Липкий зловонный стигийский туман. Это длилось целую вечность. Потом туман стал понемногу рассеиваться. Но солнце так и не показалось как следует. Оно лишь намекнуло о себе желтоватой тенью над моей головой. Горный массив, который я так отчетливо видел всегда на горизонте, был скрыт туманом - прочно и безнадежно. Еще почти сутки я не решался двинуться с места. На мне нитки сухой не было. Мне казалось, что я расползаюсь, как сырая лепешка... как мокрая бумажная салфетка... сам становлюсь болотной жижей, теряю форму и расплываюсь в ничто. Я перестал ощущать границу между собой и водянистой чавкающей средой, в которую свалился по собственной глупости.

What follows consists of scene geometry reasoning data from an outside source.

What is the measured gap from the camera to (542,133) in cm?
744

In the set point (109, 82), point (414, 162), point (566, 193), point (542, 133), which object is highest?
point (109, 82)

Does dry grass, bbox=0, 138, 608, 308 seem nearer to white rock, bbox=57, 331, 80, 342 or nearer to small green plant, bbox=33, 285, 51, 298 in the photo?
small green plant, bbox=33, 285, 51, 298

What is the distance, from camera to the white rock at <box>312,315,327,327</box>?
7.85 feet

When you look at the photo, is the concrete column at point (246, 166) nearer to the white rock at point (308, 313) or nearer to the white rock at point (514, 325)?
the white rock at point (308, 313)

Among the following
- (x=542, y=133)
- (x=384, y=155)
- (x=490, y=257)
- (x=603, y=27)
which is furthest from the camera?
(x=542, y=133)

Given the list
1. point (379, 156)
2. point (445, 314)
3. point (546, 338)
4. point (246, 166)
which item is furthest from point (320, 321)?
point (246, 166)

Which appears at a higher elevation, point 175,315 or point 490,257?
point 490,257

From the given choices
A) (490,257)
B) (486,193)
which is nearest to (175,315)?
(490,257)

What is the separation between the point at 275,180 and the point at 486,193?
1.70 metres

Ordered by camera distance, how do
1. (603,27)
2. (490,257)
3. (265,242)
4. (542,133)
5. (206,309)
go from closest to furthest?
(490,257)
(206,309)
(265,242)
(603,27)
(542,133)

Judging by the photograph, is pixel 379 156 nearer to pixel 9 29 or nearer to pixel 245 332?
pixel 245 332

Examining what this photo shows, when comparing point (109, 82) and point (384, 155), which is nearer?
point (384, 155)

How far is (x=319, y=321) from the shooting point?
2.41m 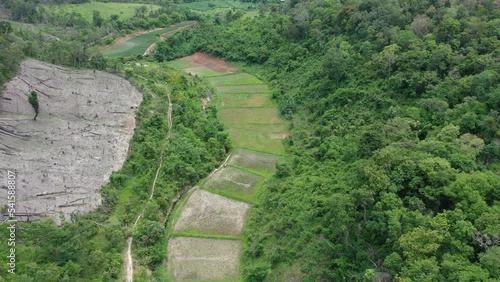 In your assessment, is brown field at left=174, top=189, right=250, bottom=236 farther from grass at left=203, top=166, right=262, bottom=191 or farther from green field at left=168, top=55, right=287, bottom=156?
green field at left=168, top=55, right=287, bottom=156

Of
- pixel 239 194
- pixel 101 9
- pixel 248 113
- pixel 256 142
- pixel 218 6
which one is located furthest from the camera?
pixel 218 6

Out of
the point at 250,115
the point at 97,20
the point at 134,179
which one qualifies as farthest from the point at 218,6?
the point at 134,179

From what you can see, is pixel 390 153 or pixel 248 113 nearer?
pixel 390 153

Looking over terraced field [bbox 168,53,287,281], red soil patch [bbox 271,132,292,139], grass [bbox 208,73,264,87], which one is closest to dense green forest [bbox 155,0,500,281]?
red soil patch [bbox 271,132,292,139]

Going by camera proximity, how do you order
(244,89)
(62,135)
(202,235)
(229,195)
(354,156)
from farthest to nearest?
1. (244,89)
2. (62,135)
3. (229,195)
4. (354,156)
5. (202,235)

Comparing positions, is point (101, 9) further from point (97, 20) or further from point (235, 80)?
point (235, 80)

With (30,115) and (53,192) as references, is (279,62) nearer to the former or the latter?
(30,115)

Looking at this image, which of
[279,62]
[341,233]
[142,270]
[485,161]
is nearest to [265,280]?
[341,233] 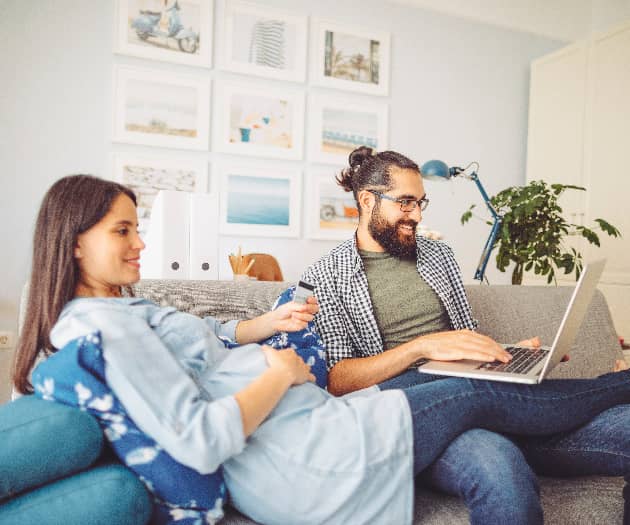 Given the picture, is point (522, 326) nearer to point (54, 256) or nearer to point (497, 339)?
point (497, 339)

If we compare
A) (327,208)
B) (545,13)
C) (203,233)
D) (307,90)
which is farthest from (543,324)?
(545,13)

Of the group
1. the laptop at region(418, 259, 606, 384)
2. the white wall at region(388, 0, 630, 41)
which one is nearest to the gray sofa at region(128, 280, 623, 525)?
the laptop at region(418, 259, 606, 384)

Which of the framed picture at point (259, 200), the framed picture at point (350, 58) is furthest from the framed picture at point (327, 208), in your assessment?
the framed picture at point (350, 58)

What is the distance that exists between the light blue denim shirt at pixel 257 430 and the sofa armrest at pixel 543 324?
89 cm

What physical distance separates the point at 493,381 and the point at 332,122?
2.68 m

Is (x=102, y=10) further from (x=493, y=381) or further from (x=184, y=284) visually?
(x=493, y=381)

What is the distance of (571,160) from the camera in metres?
3.62

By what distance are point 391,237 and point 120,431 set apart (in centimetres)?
104

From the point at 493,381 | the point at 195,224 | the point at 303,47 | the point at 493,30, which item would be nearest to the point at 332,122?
the point at 303,47

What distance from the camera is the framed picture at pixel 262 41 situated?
10.7 ft

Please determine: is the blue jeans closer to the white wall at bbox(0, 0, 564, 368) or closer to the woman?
the woman

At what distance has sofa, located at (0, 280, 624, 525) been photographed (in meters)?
0.82

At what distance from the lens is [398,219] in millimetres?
1660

Я протрезвел, наконец. Вот тут-то я и протрезвел! Да что ж это?! Да я ли это?!! Люди! Эй, люди! Боже мой! Как же я забыл про родимое человечество! Блок связи не работал в этом клятом тумане. Да и работал бы - фактория не могла прислать за мной, не сезон. Я остался один.
Я не умер бы от холода, голода и жажды. Все, что меня окружало, годилось в пищу. Я даже, наверное, не схватил бы расстройства желудка. Я мог бы сидеть здесь вечность - в состоянии непрерывного обмена веществ с гостеприимно булькающим болотом. Хоть голый.
Физически мне даже не пришлось бы особо напрягаться, чтобы приспособиться...
Когда я по-настоящему понял это, я вскочил как ошпаренный! И поплелся наобум! Повинуясь только смутному чутью. Вообразил на минуту, что... - не смейся только! - что Патрия зовет меня, как она звала Элси. Вообразил - и поплелся на тихий звенящий голос.